Re: DBpedia-based entity recognition service / tool? from Juan Sequeda on 2010-02-04 (public-lod@w3.org from February 2010)

From: Juan Sequeda <juanfederico@gmail.com>
Date: Thu, 4 Feb 2010 03:18:00 -0600
To: Matthias Samwald <samwald@gmx.at>
Cc: public-lod@w3.org
Message-ID: <f914914c1002040118x5efad120n15fa27eebc524bc8@mail.gmail.com>

Hi Matthias,

We worked on something similar: entity type discovery using linked open
data.

Our project was given a corpus of documents in the same domain, identify
specific entity types in the documents. Our objective was to search for
documents in a corpus by specific entities. For example: "find articles that
are about RDBMs"

Standard NER tools identify high level types such as persons, organization,
places because they have been previously trained on general corpora. I
assume tools like OpenCalais have been trained on news-like documents and
Zemanta has been trained on blog-like documents.

We were interested in identifying specific types such a "RDBMS" when the
word "Oracle" would show up in the text. In order to do that, we followed
several domain term extraction techniques. We used LOD, specifically
DBpedia, Freebase and Opencyc to disambiguate terms and also retrieve the
entities. Honestly, evaluation is pretty hard to do, but our current
implementation was not that bad (75% precision and 55% recall).

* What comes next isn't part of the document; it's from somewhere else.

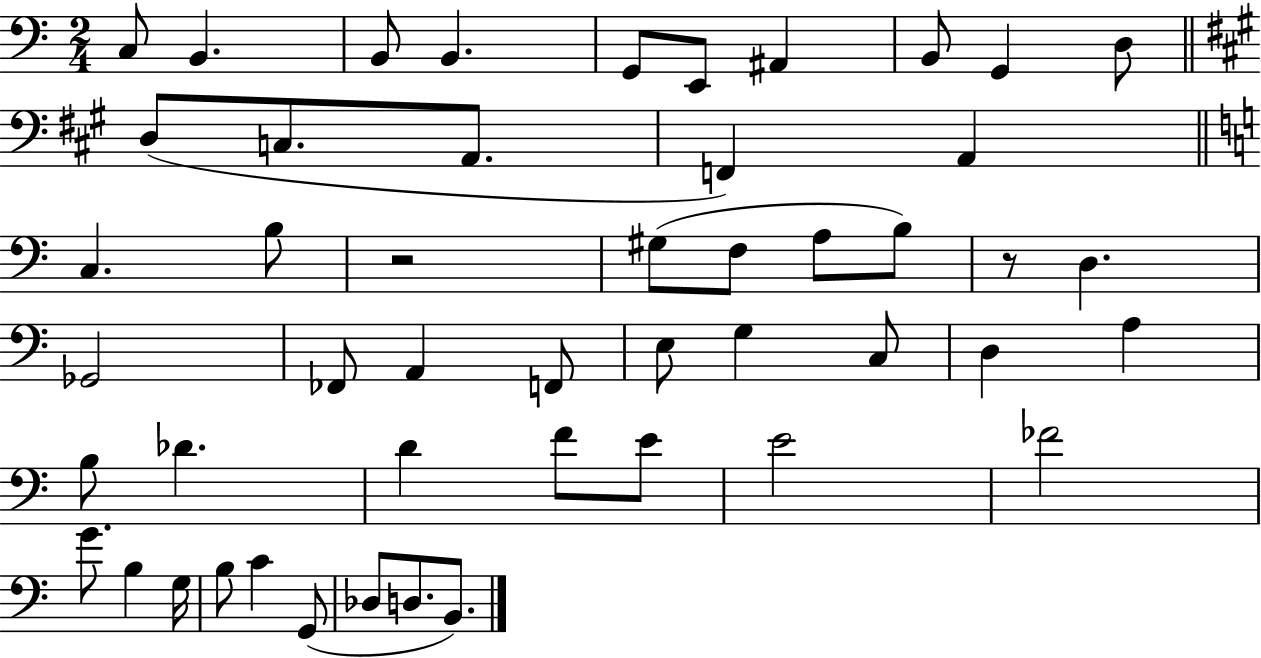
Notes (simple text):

C3/e B2/q. B2/e B2/q. G2/e E2/e A#2/q B2/e G2/q D3/e D3/e C3/e. A2/e. F2/q A2/q C3/q. B3/e R/h G#3/e F3/e A3/e B3/e R/e D3/q. Gb2/h FES2/e A2/q F2/e E3/e G3/q C3/e D3/q A3/q B3/e Db4/q. D4/q F4/e E4/e E4/h FES4/h G4/e. B3/q G3/s B3/e C4/q G2/e Db3/e D3/e. B2/e.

We built upon some work by IBM where they create a vocabulary from text
using LOD [1]

Let me see if I can clean up the code and publish it as a service.

[1] http://data.semanticweb.org/conference/iswc/2009/paper/inuse/143/html

Juan Sequeda
(575) SEQ-UEDA
www.juansequeda.com

On Tue, Feb 2, 2010 at 6:26 AM, Matthias Samwald <samwald@gmx.at> wrote:

> Dear LOD community,
>
> I would be glad to hear your advice on how to best accomplish a simple
> task: extracting DBpedia entities (identified with DBpedia URIs) from a
> string of text. With good accuracy and recall, possibly with some options to
> constraint the recognized entities to some subset of DBpedia, based on
> categories. The tool or service should be performant enough to process large
> numbers of strings in a reasonable amount of time.
> Given the prolific creation of tiny tools and services in this community I
> am puzzled about my inability to find anything that accomplishes this task.
> Could you point me to something like that? Are there tools/services for
> Wikipedia that I could use?
> Zemanta seems to be too much geared towards 'enhanced blogging', while
> OpenCalais does not return Wikipedia/DBpedia identifiers. Please correct me
> if I am wrong.
>
> Cheers,
> Matthias
>
>

Received on Thursday, 4 February 2010 09:18:34 UTC